The following steps are applied to every model (per iteration):

  1. Apply hyperparameter tuning (optional).
  2. Fit the model on the training set using the best combination of hyperparameters found.
  3. Evaluate the model on the test set.
  4. Train the estimator on various bootstrapped samples of the training set and evaluate again on the test set (optional).

Parameters models: str, estimator or sequence, default=None
Models to fit to the data. Allowed inputs are: an acronym from any of the predefined models, an ATOMModel or a custom predictor as class or instance. If None, all the predefined models are used.

metric: str, func, scorer, sequence or None, default=None
Metric on which to fit the models. Choose from any of sklearn's scorers, a function with signature function(y_true, y_pred, **kwargs) -> score, a scorer object or a sequence of these. If None, the default metric r2 is selected.

skip_runs: int, default=0
Skip last skip_runs runs of the successive halving.

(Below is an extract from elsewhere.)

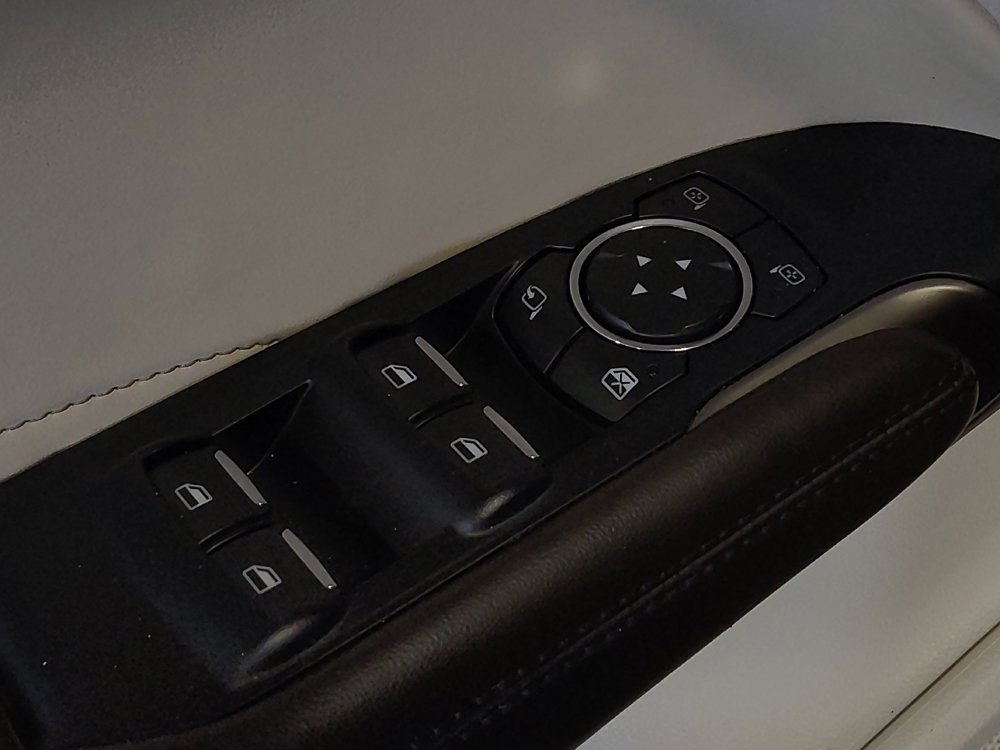 Used 2018 Lincoln MKC Select w/ Select Plus Package AWD/4WD image 27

n_trials: int, dict or sequence, default=0
Maximum number of iterations for the hyperparameter tuning. If 0, skip the tuning and fit the model on its default parameters. If sequence, the n-th value applies to the n-th model.

est_params: dict or None, default=None
Additional parameters for the models. See their corresponding documentation for the available options. For multiple models, use the acronyms as key (or 'all' for all models) and a dict of the parameters as value. Add _fit to the parameter's name to pass it to the estimator's fit method instead of the constructor.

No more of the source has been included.